There is a danger in doing this kind of blog that one can get all wrapped up in anger, frustration, and disillusionment.
From time to time Often, I wonder why I should keep playing music as I watch other passengers board the lifeboats to get off the sinking ship.
But, it’s worth reminding myself from time to time why I care.
This vessel we call public education in America is worth saving.
American public schools are everything that we have to say about the hopes and fears and aspirations for our future. Only in America do we bring people from any and all backgrounds into the same school buildings. Only in America do we let you pursue whatever dream of a future you can conjure up in your mind.

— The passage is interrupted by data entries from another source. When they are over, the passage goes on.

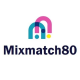 Mixmatch80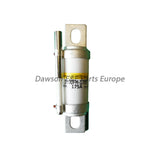 1000FH-175S Fuse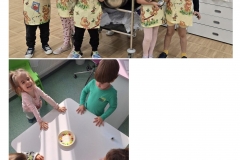 GALERIE-FOTO_Page_06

We strive to provide every child, regardless of background and home life, at least one unrelated adult in his/her life who can provide good direction and model a healthy adult life. We guarantee that every child will have access to a place where every person is put in place to honor the needs of that child first and foremost – not profits, productivity, or the good of the institution.
American public schools collect everything there is to love and hate about our culture. American public schools openly display everything that is beautiful and everything that is broken about us as a people. Our flowers and our warts are on clear display for all to see.

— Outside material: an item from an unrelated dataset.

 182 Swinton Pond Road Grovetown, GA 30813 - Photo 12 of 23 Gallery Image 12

Given all that, American public schools capture all that is random and chaotic and unpredictable about life. American public schools is the incubator of American values, morality, character, and human decency. They are democracy in action – messy, tumultuous, acrimonious, pessimistic, idealistic, inefficient, hopeful, dogmatic, ugly, glorious, optimistic, joyous, striving, triumphant, advancing, spirited, exhausting, reborn again and again and again.
As teachers, we know that we will leave a mark on the future, but we rarely know how. The events and special moments for which we build and plan vanish into our students’ pasts like a fleeting puff of wind, even as we discover that a few simple words you spoke decades ago have become a treasured guidepost in someone’s journey.
I believe in public education. While it as an expression of best and worse of our national character, it also represents our collective hope for a brighter and more prosperous future for our state and nation. A better America.
I believe there is nothing so incredible and so powerful as watching unique young people from diverse backgrounds learning side-by-side, finding their way to a greater understanding of themselves and each other, finding their path in the world, learning to be an integral part of this collective we call America, while retaining their uniqueness and special value.
Nothing else compares. Nothing. American public schools will never be good enough for some in our society. We will never be a neatly manicured, efficiently unified system because America will never be that kind of country. That’s okay. It’s not a flaw; it’s what makes our nation special and worthy of emulation.
So, yes, maybe those of us who advocate for public education are simply “playing on” while the ship of public education begins to list and take on water. Maybe it is a futile exercise, akin to rearranging the chairs on the ship while it sinks.
There may be a time in the not-so-distant future when I bid you all adieu and tell you, “Gentlemen, it’s been a privilege playing with you tonight,” while scurrying to capture a seat on the lifeboat.
Yet, tonight is not that night. I have not yet “been drowned into silence” and (God willing) I hope I have many more songs in me yet to play.
I hope you do, too. Because it your music and what you do to nurture the lives of children every day that keep me going.
So, together, let’s keep playing our music, even if it is sometimes drowned out by a cacophony of negative voices and naysayers. The hell with them. Let’s play louder and maybe add some cowbell!